- _Description of the task_
Return each of the entries below word for word.

Dataset records
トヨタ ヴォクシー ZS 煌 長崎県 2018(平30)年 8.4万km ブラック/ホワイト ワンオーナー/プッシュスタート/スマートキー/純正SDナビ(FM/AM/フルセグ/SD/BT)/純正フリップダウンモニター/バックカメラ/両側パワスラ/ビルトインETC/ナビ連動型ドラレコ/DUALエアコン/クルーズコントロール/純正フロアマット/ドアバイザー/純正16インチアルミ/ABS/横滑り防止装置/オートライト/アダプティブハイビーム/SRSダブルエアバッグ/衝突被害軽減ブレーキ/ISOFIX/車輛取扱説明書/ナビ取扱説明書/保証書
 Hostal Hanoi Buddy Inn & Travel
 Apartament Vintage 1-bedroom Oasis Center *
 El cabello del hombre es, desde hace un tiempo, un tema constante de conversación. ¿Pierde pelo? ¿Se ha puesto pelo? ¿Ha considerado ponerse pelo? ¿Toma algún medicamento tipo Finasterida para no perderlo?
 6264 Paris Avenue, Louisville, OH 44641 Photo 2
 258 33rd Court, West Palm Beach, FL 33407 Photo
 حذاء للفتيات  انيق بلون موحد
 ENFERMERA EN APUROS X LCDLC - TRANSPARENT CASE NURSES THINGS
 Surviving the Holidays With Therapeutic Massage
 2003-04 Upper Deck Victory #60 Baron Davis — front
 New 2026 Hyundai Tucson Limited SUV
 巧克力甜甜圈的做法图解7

- _Answer to this exercise_
トヨタ ヴォクシー ZS 煌 長崎県 2018(平30)年 8.4万km ブラック/ホワイト ワンオーナー/プッシュスタート/スマートキー/純正SDナビ(FM/AM/フルセグ/SD/BT)/純正フリップダウンモニター/バックカメラ/両側パワスラ/ビルトインETC/ナビ連動型ドラレコ/DUALエアコン/クルーズコントロール/純正フロアマット/ドアバイザー/純正16インチアルミ/ABS/横滑り防止装置/オートライト/アダプティブハイビーム/SRSダブルエアバッグ/衝突被害軽減ブレーキ/ISOFIX/車輛取扱説明書/ナビ取扱説明書/保証書
 Hostal Hanoi Buddy Inn & Travel
 Apartament Vintage 1-bedroom Oasis Center *
 El cabello del hombre es, desde hace un tiempo, un tema constante de conversación. ¿Pierde pelo? ¿Se ha puesto pelo? ¿Ha considerado ponerse pelo? ¿Toma algún medicamento tipo Finasterida para no perderlo?
 6264 Paris Avenue, Louisville, OH 44641 Photo 2
 258 33rd Court, West Palm Beach, FL 33407 Photo
 حذاء للفتيات  انيق بلون موحد
 ENFERMERA EN APUROS X LCDLC - TRANSPARENT CASE NURSES THINGS
 Surviving the Holidays With Therapeutic Massage
 2003-04 Upper Deck Victory #60 Baron Davis — front
 New 2026 Hyundai Tucson Limited SUV
 巧克力甜甜圈的做法图解7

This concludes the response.